This application claims benefit of co-pending U.S. Provisional Patent Application Ser. No. 60/617,763, filed on Oct. 12, 2004, which application is herein incorporated by reference in its entirety.

BACKGROUND OF THE INVENTION

1. Field of the Invention

Embodiments of the present invention generally relate to methods and apparatus for manufacturing an expandable tubular. Particularly, the present invention relates to methods and apparatus for manufacturing a corrugated expandable tubular. Embodiments of the present invention also relate to methods and apparatus for expanding an expandable tubular.

2. Description of the Related Art

In the oil and gas exploration and production industry, boreholes are drilled through rock formations to gain access to hydrocarbon-bearing formations, to allow the hydrocarbons to be recovered to surface. During drilling of a typical borehole, which may be several thousand feet in length, many different rock formations are encountered.

Rock formations having problematic physical characteristics, such as high permeability, may be encountered during the drilling operation. These formations may cause various problems such as allowing unwanted water or gases to enter the borehole; crossflow between high and low pressure zones; and fluid communication between a highly permeable formation and adjacent formations. In instances where a sub-normal or over-pressured formation is sealed off, the permeability of the formation may be such that high pressure fluids permeate upwardly or downwardly, thereby re-entering the borehole at a different location.

Damage to rock formations during drilling of a borehole may also cause problems for the drilling operation. Damage to the formation may be caused by the pressurized drilling fluid used in the drilling operation. In these situations, drilling fluid may be lost into the formation. Loss of drilling fluid may cause the drilling operation to be halted in order to take remedial action to stabilize the rock formation. Loss of drilling fluid is undesirable because drilling fluids are typically expensive. In many cases, drilling fluids are re-circulated and cleaned for use in subsequent drilling procedures in order to save costs. Therefore, loss of high quantities of drilling fluid is unacceptable.

One method of overcoming these problems involves lining the borehole with a casing. This generally requires suspending the casing from the wellhead and cementing the casing in place, thereby sealing off and isolating the damaged formation. However, running and cementing additional casing strings is a time-consuming and expensive operation.

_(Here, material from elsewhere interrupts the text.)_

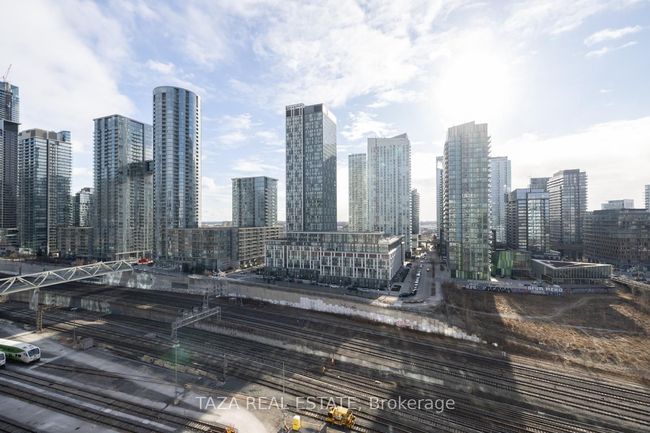 1231 - 560 Front St W, Condo with 3 bedrooms, 2 bathrooms and 1 parking in Toronto ON | Image 29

Furthermore, due to the installation of the casing, the borehole drilled below the casing has a smaller diameter than the sections above it. As the borehole continues to be extended and casing strings added, the inner diameter of the borehole continues to decrease. Because drilling operations are carefully planned, problematic formations unexpectedly encountered may cause the inner diameter of the borehole to be overly restricted when additional casing strings are installed. Although this may be accounted for during planning, it is generally undesired and several such occurrences may cause a reduction in final bore diameter, thereby affecting the future production of hydrocarbons from the well.

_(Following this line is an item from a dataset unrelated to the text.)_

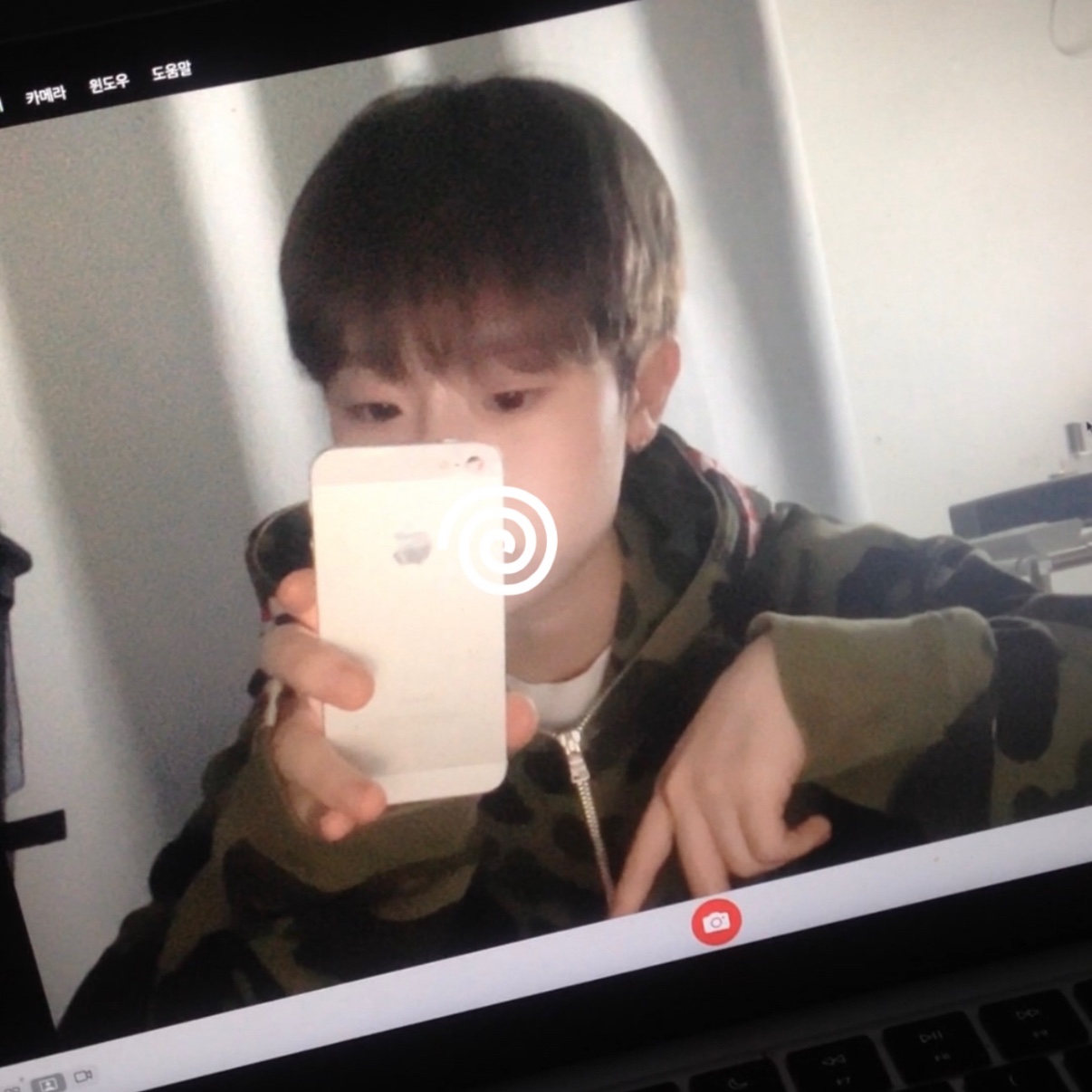 BAPE 1st Camo Shark Full Zip Hoodie Army Green 착용 스타일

More recently, expandable tubular technology has been developed to install casing strings without significantly decreasing the inner diameter of the wellbore. Generally, expandable technology enables a smaller diameter tubular to pass through a larger diameter tubular, and thereafter be expanded to a larger diameter. In this respect, expandable technology permits the formation of a tubular string having a substantially constant inner diameter, otherwise known as a monobore. Accordingly, monobore wells have a substantially uniform through-bore from the surface casing to the production zones.

A monobore well features each progressive borehole section being cased without a reduction of casing size. The monobore well offers the advantage of being able to start with a much smaller surface casing but still end up with a desired size of production casing. Further, the monobore well provides a more economical and efficient way of completing a well. Because top-hole sizes are reduced, less drilling fluid is required and fewer cuttings are created for cleanup and disposal. Also, a smaller surface casing size simplifies the wellhead design as well as the blow out protectors and risers. Additionally, running expandable liners instead of long casing strings will result in valuable time savings.

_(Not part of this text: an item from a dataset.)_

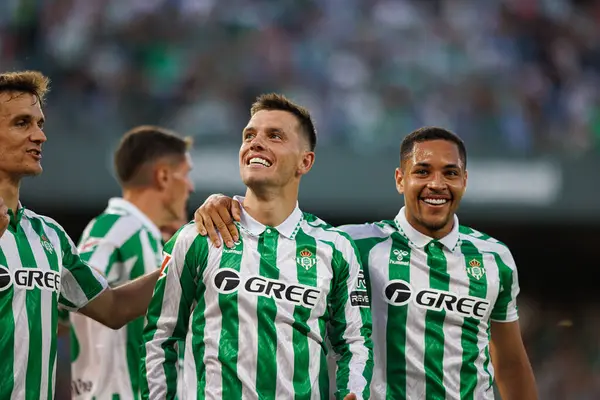 Giovani Lo Celso, Estadio Benito Villamarin 'de Real Betis Balompie ve Getafe CF takımları arasında oynanan LaLiga EASPORTS maçında Diego Llorente, Vitor Roque ile gol attıktan sonra kutluyor.)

There are certain disadvantages associated with expandable tubular technology. One disadvantage relates to the elastic limits of a tubular. For many tubulars, expansion past about 22-25% of their original diameter may cause the tubular to fracture due to stress. However, securing the liner in the borehole by expansion alone generally requires an increase in diameter of over 25%. Therefore, the cementation operation must be employed to fill in the annular area between the expanded tubular and the borehole.

One attempt to increase expandability of a tubular is using corrugated tubulars. It is known to use tubulars which have a long corrugated portion. After reforming the corrugated portion, a fixed diameter expander tool is used to insure a minimum inner diameter after expansion. However, due the long length of corrugation and the unevenness of the reformation, a problem arises with the stability of the expander tool during expansion. For example, the reformed tubular may be expanded using a roller expander tool. During expansion, only one roller is typically in contact with the tubular as the expander tool is rotated. As a result, the expander tool may wobble during expansion, thereby resulting in poor expansion of the tubular.

There is, therefore, a need for a method and an apparatus for manufacturing a tubular which may be expanded sufficiently to line a wellbore. There is also a need for a method and apparatus for expanding the diameter of a tubular sufficiently to line a wellbore. There is a further need for methods and apparatus for stabilizing the expander tool during expansion. There is a further need for methods and apparatus for expanding the reformed tubular using a compliant expander tool.

SUMMARY OF THE INVENTION

Embodiments of the present invention generally provide apparatus and methods for manufacturing an expandable tubular. In one embodiment, the method for manufacturing the expandable tubular comprises forming a plurality of corrugated portions on the expandable tubular and separating adjacent corrugated portions by an uncorrugated portion. In another embodiment, the method also includes reforming the expandable tubular to an uniform outer diameter. In yet another embodiment, the method further includes heat treating the expandable tubular.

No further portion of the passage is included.